Jimmy Governor
To PeopleJimmy Governor was born in Talbragar to his white father who was a bullock driver and his Aboriginal mother in 1875. This then socially unacceptable pairing would affect Governor for the rest of his life. Mission schooled at Gulgong, he worked variously as a police tracker, wood cutter and as a farm hand until 1898 when he married Ethel Mary Jane Page. After gaining a fencing contract on a large farm in nearby Breelong owned by John Thomas Mawbey, the newlyweds moved to the property with Ethel taking up work as a maid in the homestead.
Keen to prove himself, Governor was a reliable and hard worker, eventually bringing in his brother Joe and friend Jacky Underwood to help him with the fencing. He was well liked by his employer yet Ethel was unhappy, reportedly subjected to taunts from the Mawbeys and their school mistress lodger Helen Kerz for marrying a black man. This news clearly distressed Governor who had always been sensitive about his Aboriginal heritage and as his relationship with John Mawbey deteriorated Governor and his brother talked about leaving to become bushrangers.

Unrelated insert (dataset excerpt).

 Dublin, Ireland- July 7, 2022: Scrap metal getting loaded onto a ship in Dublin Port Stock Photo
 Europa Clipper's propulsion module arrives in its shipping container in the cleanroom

In July 1900 Governor and his brother went to the homestead with the intention of confronting the women regarding their treatment of Ethel. When the women allegedly laughed them off referring to the pair as 'black rubbsh', Jimmy and Joe Governor reacted violently, viciously murdering Kerz, Grace Mawbey and her two young children and seriously injuring Mawbey's 18 year old sister Elsie Clarke. Fleeing from the farm, the brothers embarked on a killing spree, avenging every wrong they felt had befallen them in their lives.

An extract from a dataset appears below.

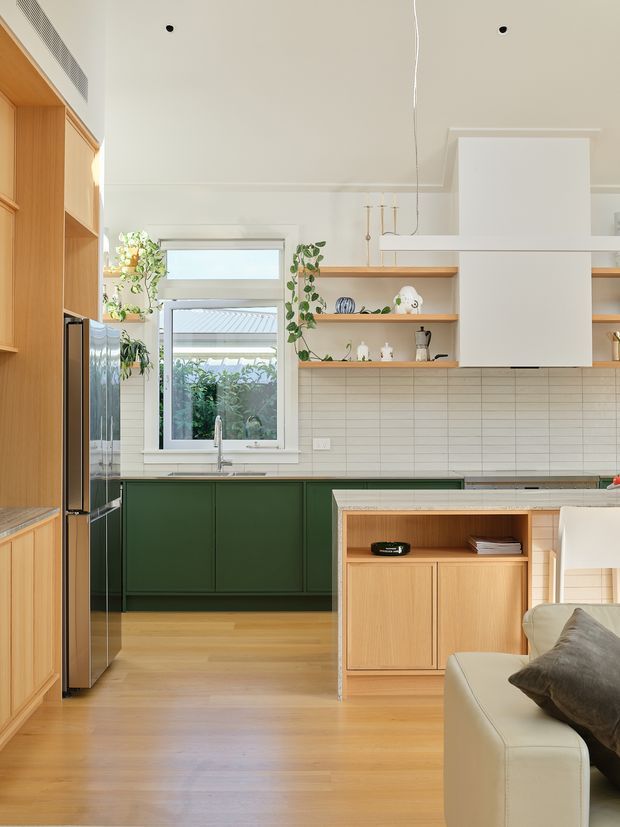 Bright contemporary kitchen with a warm timber interior, deep green lower cabinetry, white tiled splashback, open timber shelving, stainless-steel appliances, and a large white rangehood. A living area with a cream sofa is partially visible in the foreground, while a window brings in abundant natural light.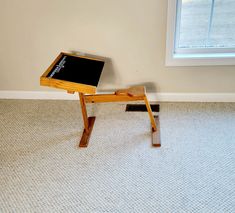 a small wooden table sitting on top of a carpeted floor next to a window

Although calling themselves bushrangers, their murderous intents put them at odds with the robberies and hold-ups carried out by other bushrangers at the time. Jimmy was eventually caught in October with his brother Joe shot in pursuit a few days later. The Governor Brothers murder tally stood at 9 lives and Jimmy was sentenced to hang in November. This provocative story would be the inspiration for New South Wales writer Thomas Keneally's novel 'The Chant of Jimmy Blacksmith' which was made into an AFI award winning feature film in 1977. Joe Governer's life has become something of a moral tale for the intensity of Aboriginal dispossession in the face of white racism at the turn of the century.